§ Given records
□ □ □

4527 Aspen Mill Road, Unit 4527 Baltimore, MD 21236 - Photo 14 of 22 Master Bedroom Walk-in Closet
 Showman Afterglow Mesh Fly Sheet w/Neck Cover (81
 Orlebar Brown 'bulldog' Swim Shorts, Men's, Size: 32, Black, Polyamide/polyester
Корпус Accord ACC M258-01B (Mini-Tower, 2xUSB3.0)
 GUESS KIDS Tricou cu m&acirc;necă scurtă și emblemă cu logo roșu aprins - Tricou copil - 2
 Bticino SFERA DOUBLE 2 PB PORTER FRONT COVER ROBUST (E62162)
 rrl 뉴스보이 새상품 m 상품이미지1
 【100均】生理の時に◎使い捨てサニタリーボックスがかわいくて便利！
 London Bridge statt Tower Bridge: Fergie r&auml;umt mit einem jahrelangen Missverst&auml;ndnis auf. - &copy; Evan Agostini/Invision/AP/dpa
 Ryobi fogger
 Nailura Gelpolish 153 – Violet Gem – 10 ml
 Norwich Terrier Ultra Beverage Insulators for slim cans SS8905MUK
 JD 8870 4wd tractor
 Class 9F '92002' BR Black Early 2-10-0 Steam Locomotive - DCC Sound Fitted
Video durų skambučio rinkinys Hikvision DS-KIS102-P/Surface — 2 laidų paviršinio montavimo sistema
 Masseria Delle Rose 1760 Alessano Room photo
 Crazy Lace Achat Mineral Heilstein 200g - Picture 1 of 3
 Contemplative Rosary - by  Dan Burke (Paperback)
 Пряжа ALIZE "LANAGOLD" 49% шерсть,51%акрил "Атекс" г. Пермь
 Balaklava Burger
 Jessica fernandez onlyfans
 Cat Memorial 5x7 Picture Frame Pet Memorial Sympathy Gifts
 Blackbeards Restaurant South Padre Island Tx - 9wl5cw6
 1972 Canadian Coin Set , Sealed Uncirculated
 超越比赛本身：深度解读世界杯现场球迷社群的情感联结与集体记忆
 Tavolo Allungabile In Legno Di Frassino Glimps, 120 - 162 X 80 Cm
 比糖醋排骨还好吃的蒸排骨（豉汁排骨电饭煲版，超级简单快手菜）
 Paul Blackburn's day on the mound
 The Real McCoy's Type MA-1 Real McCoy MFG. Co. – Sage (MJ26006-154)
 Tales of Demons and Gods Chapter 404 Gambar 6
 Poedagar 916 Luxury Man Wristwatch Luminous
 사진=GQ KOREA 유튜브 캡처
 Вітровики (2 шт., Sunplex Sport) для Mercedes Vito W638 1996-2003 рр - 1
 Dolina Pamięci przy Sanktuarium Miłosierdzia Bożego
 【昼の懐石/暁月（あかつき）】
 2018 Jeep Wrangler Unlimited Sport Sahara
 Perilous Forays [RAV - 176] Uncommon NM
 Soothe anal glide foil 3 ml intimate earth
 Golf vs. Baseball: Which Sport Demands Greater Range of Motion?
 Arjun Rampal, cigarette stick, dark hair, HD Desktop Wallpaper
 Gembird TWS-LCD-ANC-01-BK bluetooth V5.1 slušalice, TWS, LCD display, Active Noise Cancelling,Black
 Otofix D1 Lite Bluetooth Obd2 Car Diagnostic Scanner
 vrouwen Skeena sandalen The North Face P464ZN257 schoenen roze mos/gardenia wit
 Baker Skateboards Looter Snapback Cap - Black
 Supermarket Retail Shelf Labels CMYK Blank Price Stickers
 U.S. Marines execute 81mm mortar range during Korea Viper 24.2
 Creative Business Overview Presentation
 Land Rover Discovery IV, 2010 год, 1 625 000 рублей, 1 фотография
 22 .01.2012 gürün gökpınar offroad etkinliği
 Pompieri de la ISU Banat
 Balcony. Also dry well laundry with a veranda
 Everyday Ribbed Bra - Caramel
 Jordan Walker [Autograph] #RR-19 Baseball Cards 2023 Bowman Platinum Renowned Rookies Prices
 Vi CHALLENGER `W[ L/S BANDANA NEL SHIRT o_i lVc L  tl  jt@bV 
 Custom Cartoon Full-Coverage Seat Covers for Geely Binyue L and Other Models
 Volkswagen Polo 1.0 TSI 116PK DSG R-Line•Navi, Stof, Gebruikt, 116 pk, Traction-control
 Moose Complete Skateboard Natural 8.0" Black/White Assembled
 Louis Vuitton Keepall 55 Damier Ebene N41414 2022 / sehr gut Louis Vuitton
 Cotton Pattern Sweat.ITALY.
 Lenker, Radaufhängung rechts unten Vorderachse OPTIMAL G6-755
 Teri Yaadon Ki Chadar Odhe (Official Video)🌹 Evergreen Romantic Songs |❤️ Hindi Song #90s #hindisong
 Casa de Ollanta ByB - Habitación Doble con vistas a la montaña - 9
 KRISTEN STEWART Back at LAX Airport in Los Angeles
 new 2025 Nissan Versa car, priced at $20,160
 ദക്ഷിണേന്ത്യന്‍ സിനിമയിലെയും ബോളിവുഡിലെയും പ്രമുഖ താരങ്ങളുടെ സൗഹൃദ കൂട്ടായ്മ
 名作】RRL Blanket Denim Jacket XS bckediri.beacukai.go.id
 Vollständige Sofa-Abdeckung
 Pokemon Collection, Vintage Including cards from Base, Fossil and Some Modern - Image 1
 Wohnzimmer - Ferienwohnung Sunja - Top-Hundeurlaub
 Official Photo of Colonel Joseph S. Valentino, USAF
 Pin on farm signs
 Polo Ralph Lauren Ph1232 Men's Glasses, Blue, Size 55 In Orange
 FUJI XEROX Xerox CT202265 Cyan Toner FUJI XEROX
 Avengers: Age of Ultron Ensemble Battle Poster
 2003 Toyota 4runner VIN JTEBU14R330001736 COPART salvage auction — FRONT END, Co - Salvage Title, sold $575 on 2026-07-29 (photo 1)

□ □ □

§ Work item
Among the lines above, repeat exactly those from the line with "22 .01.2012 gürün gökpınar offroad etkinliği" to the line with "Teri Yaadon Ki", counting both ends.

§ Exercise output
 22 .01.2012 gürün gökpınar offroad etkinliği
 Pompieri de la ISU Banat
 Balcony. Also dry well laundry with a veranda
 Everyday Ribbed Bra - Caramel
 Jordan Walker [Autograph] #RR-19 Baseball Cards 2023 Bowman Platinum Renowned Rookies Prices
 Vi CHALLENGER `W[ L/S BANDANA NEL SHIRT o_i lVc L  tl  jt@bV 
 Custom Cartoon Full-Coverage Seat Covers for Geely Binyue L and Other Models
 Volkswagen Polo 1.0 TSI 116PK DSG R-Line•Navi, Stof, Gebruikt, 116 pk, Traction-control
 Moose Complete Skateboard Natural 8.0" Black/White Assembled
 Louis Vuitton Keepall 55 Damier Ebene N41414 2022 / sehr gut Louis Vuitton
 Cotton Pattern Sweat.ITALY.
 Lenker, Radaufhängung rechts unten Vorderachse OPTIMAL G6-755
 Teri Yaadon Ki Chadar Odhe (Official Video)🌹 Evergreen Romantic Songs |❤️ Hindi Song #90s #hindisong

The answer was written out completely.